Rózewicz, el tranquilo poeta polaco, aseguraba que la poesía contemporánea es un esfuerzo por respirar; y el libanés Schehadé, silencioso y delgado sobre su alfombra persa, sostuvo que para escribir poesía bastaba sólo un poema, como una hoja en el desierto, pero Olga Orozco, que provino de Toay, de las pampas argentinas, a las que Borges dijo que se las pasaban esperando algo, no dejó nunca de escribir un poema tras otro, asediados por la elocuencia, desde que ocurrió el año 46, cuando cedió a la lectura pública su libro inicial Desde lejos, pero sin que divisáramos tierra tendida alguna, apenas una casa real e indecisa que al nombrarla se iba con el olvido, porque su pasión por las intemperies no tenía nombre de mapa ni de dirección conocida, habitada como fue por preguntas, meditaciones, fulgores del lirismo, dudas, lecturas, dioses viejos de Egipto y de Tebas, citas del esoterismo, el grimorio de la alquimia, la confidencia hermética, una carta del tarot o el ojo que contemplaba y trastocaba El Jardín de las Delicias del Bosco sobre la página del verso interminable, entre incontables metáforas de ensoñación, dijera Manuel Ruano cuando medita sobre su obra en la edición donde la Biblioteca Ayacucho le rinde tributo en el año 2000.

Siempre en evidencia, siempre visible, de cuerpo entero, testificaba Olga Orozco por sí misma o escondida tras algún personaje, en una cita enmascarada o entre las rejas del entrecomillado dándose a comprometer su efusivo e indetenible monólogo en la creación de un lenguaje como embrujado por la evidencia y la invención.

Telúrica o si no terrenal, es esta poesía, pero al modo como lo refiere Hofmannsthal cuando advierte que el poeta esconde el contenido del poema en la forma. De un mundo cercano entonces, pero como “una hoja vivida adentro alguna vez”, Olga Orozco transita sola durante sus poemas

por más que suela dirigirse a un confidente que nombra o sugiere, a fin de referir determinada existencia íntima y compartida que luego, en algún otro poema, es muda arena, cierto “día maldito”, dicho a la manera onírica e imprecatoria de Lautréamont y sobremanera cuando Ruano la escucha inquirir “y quién roe mis labios, despacito y a oscuras, desde mis propios dientes?”

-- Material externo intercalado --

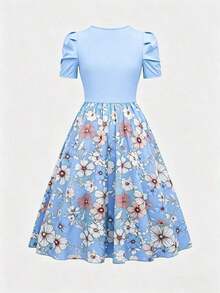Vestido de verano de longitud media con estampado floral elegante y patchwork para mujer - Celeste - Ver 2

o en unas páginas más lejos,momento en el cual testifica Me clausuran en mí/Me dividen en dos./Me engendran cada día en la paciencia y en un negro organismo que ruge como el mar./Me recortan después con las tijeras de la pesadilla/y caigo en este mundo con media sangre vuelta a cada lado:/una cara labrada desde el fondo por los colmillos de las grandes manadas./No consigo saber quién es el amo aquí./Cambio bajo mi piel de perro o lobo…

Cuidadosos lectores de la poeta, como el prologuista de la edición de Ayacucho, confirman el frecuente onirismo de la poesía orozquista, porque ciertamente es tiempo de que hablemos de un ars poética muy suyo, muy personal y sus acercamientos al surrealismo pero sin atender a los recursos del automatismo psíquico bretoniano.

Sorprende, de otra parte, el admirable fervor a un lenguaje, un estilo ¿no?, cuya impronta permanece como un sello indeleble en cada obra, desde su libro primigenio, Desde lejos, al que siguieron Las muertes, Los juegos peligrosos, Museo viviente, Cantos a Berenice, Mutaciones de la realidad, La noche a la deriva, hasta En el revés del cielo, su obra última, antes de que la derribara la vida, después de recorrer ciudades, estrechar la amistad con la nombradía literaria de otras voces y otros ámbitos, nos diría Truman Capote.

La asfixia detuvo a quien ejerció la poesía como un incontenible esfuerzo de escribir como si respirara las inmensidades pamperas de donde llegó hasta nosotros para quedarse eternamente.